Once the Tortue Phase 1 SPA Commercial Operations Date was achieved in February 2026, we have a commitment to our buyer under the Tortue Phase 1 SPA, BP Gas Marketing Limited, to deliver our proportionate share of a minimum annual contract quantity of LNG of 127,951,000 MMBtu, which is equivalent to approximately 2.45 million tonnes per annum, subject to certain downward adjustments by the sellers. Under certain circumstances, in the event the annual quantities provided are lower than the minimum annual contract quantity, Kosmos may be obligated to credit or pay a portion of the Contract Price to BP Gas Marketing Limited for the shortfall volumes.
In February 2026, the TEN partnership executed the final Sale and Purchase Agreement to acquire the TEN FPSO from MODEC, Inc. at the end of its current lease in 2027 for a gross purchase price of $205.0 million. We have a commitment to Tullow for our proportionate share of the gross purchase price.
Critical Accounting Policies
This discussion of financial condition and results of operations is based upon the information reported in our consolidated financial statements, which have been prepared in accordance with generally accepted accounting principles in the United States. The preparation of our financial statements requires us to make assumptions and estimates that affect the reported amounts of assets, liabilities, revenues and expenses, as well as the disclosure of contingent assets and liabilities as of the date the financial statements are available to be issued. These estimates could change materially if different information or assumptions were used. We base our assumptions and estimates on historical experience and other sources that we believe to be reasonable at the time. Actual results may vary from our estimates. Our significant accounting policies are detailed in “Item 8. Financial Statements and Supplementary Data—Note 2—Accounting Policies.” We have outlined below certain accounting policies that are of particular importance to the presentation of our financial position and results of operations and require the application of significant judgment or estimates by our management.
Revenue Recognition. We recognize revenues on the volumes of hydrocarbons sold to a purchaser. The volumes sold may be more or less than the volumes to which we are entitled based on our ownership interest in the property. These differences result in a condition known in the industry as a production imbalance. A receivable or liability is recognized only to the extent that we have an imbalance on a specific property greater than the expected remaining proved reserves on such property. As of December 31, 2025 and 2024, we had no oil and gas imbalances recorded in our consolidated financial statements.
Our oil and gas revenues are recognized when hydrocarbons have been sold to a purchaser at a fixed or determinable price, title has transferred and collection is probable.
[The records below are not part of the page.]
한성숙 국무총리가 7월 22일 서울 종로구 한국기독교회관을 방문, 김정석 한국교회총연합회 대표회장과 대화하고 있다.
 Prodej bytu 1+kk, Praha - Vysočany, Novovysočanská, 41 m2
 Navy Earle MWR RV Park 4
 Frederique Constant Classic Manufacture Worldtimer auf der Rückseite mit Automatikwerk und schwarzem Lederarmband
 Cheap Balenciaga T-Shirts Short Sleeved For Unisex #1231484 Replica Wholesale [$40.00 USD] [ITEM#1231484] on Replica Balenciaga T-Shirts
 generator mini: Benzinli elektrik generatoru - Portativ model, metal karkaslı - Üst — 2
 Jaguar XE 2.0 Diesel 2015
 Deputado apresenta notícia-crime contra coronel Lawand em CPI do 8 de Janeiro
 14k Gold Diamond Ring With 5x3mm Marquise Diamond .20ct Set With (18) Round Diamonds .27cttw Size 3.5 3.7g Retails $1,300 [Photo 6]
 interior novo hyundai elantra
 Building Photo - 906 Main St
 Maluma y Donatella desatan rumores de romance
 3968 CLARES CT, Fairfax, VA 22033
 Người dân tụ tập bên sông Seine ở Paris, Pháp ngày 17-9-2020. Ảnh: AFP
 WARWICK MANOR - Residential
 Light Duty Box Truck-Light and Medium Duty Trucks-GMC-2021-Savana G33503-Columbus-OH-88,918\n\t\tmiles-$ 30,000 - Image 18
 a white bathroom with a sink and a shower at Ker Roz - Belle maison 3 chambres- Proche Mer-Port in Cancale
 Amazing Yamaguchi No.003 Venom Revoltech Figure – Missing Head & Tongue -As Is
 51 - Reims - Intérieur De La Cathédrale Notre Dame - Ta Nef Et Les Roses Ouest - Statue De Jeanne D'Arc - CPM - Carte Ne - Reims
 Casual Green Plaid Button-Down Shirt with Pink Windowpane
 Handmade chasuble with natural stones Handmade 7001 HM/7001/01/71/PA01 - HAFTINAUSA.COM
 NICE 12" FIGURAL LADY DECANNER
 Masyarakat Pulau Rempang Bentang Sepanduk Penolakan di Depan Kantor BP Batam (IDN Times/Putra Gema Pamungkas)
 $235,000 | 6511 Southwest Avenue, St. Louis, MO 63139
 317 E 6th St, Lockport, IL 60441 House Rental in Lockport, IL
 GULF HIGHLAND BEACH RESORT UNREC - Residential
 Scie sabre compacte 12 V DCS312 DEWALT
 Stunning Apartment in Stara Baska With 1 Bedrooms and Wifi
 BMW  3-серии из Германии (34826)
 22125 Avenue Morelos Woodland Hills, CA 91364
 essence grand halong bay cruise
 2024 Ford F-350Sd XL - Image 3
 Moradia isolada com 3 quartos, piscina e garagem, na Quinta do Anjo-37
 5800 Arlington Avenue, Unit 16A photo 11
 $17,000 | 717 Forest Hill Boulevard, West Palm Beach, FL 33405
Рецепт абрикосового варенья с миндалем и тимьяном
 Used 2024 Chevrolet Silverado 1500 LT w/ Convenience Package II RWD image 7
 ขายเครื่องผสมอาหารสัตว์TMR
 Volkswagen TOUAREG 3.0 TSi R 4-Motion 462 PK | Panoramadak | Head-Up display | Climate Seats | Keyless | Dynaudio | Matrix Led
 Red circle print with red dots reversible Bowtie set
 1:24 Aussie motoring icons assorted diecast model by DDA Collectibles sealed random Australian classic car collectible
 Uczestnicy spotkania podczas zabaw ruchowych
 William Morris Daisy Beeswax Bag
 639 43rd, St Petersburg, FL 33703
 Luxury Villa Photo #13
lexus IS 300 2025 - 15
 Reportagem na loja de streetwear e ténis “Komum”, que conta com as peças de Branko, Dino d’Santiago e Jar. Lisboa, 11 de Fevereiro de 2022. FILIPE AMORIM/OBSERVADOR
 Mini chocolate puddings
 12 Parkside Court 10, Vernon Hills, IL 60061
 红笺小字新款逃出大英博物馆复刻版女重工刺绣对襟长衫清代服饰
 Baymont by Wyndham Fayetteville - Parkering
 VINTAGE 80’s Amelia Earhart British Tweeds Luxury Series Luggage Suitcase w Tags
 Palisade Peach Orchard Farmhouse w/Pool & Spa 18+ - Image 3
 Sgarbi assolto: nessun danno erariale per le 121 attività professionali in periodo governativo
Certain revenues are based on contracts with provisional pricing and quantity optionality which contain a derivative that is separated from the host contract for accounting purposes. The host contract is the receivable from sales at the spot price on the date of sale. The derivative, which is not designated as a hedge, is marked to market through oil and gas revenue each period until the final settlement occurs, which generally is limited to the month after the sale.
Exploration and Development Costs. We follow the successful efforts method of accounting for our oil and gas properties. Acquisition costs for proved and unproved properties are capitalized when incurred. Costs of unproved properties are transferred to proved properties when a determination that proved reserves have been found. Exploration costs, including geological and geophysical costs and costs of carrying unproved properties, are expensed as incurred. Exploratory drilling costs are capitalized when incurred. If exploratory wells are determined to be commercially unsuccessful or dry holes, the applicable costs are expensed and recorded in exploration expense on the consolidated statement of operations. Costs incurred to drill and equip development wells, including unsuccessful development wells, are capitalized. Costs incurred to operate and maintain wells and equipment and to lift oil and natural gas to the surface are expensed as oil and gas production expense.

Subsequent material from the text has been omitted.